REQUIRED WORK » Everything from the line containing "Apartament de vanzare" through the line containing "En Venta: $690,000" in the listing below should be copied exactly, and nothing more.

DATA EXCERPTS »
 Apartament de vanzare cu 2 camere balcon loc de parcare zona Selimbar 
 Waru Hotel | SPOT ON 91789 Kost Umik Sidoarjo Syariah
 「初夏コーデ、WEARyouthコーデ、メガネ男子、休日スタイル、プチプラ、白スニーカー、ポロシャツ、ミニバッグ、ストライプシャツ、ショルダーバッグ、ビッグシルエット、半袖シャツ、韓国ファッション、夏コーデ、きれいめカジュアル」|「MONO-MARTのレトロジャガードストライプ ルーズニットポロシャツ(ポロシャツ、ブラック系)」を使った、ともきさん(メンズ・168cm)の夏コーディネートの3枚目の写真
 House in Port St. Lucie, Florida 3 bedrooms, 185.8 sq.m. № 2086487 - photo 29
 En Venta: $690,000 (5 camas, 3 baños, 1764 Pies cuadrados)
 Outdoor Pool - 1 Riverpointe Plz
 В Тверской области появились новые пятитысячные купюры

==

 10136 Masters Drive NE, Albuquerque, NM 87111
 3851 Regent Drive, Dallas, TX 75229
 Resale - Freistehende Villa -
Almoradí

SOLUTION TO THE EXERCISE »
 Apartament de vanzare cu 2 camere balcon loc de parcare zona Selimbar 
 Waru Hotel | SPOT ON 91789 Kost Umik Sidoarjo Syariah
 「初夏コーデ、WEARyouthコーデ、メガネ男子、休日スタイル、プチプラ、白スニーカー、ポロシャツ、ミニバッグ、ストライプシャツ、ショルダーバッグ、ビッグシルエット、半袖シャツ、韓国ファッション、夏コーデ、きれいめカジュアル」|「MONO-MARTのレトロジャガードストライプ ルーズニットポロシャツ(ポロシャツ、ブラック系)」を使った、ともきさん(メンズ・168cm)の夏コーディネートの3枚目の写真
 House in Port St. Lucie, Florida 3 bedrooms, 185.8 sq.m. № 2086487 - photo 29
 En Venta: $690,000 (5 camas, 3 baños, 1764 Pies cuadrados)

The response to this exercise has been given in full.